__Exercise requirements__
After locating the line with "14k Gold Mesh Look Hoop Earrings" in the entries below, output it and each following line up to and including the line with "Lolli Furniture Sprout", exactly and without pictures.
───── Exercise input
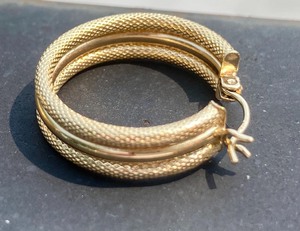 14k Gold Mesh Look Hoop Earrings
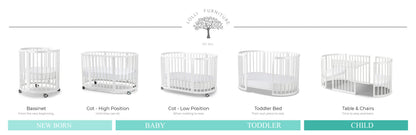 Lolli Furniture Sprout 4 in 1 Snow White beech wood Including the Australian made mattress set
──────────
───── Exercise input
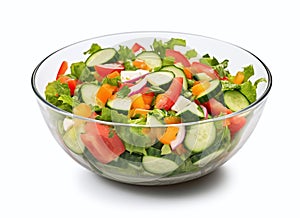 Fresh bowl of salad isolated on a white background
──────────
───── Exercise input
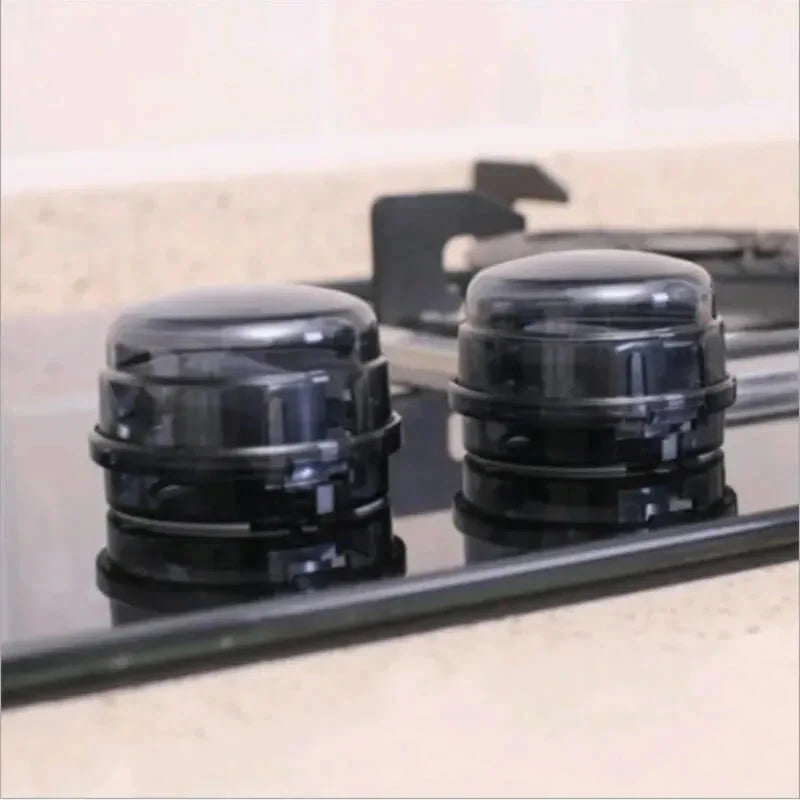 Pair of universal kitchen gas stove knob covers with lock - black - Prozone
──────────
__Written answer__
 14k Gold Mesh Look Hoop Earrings
 Lolli Furniture Sprout 4 in 1 Snow White beech wood Including the Australian made mattress set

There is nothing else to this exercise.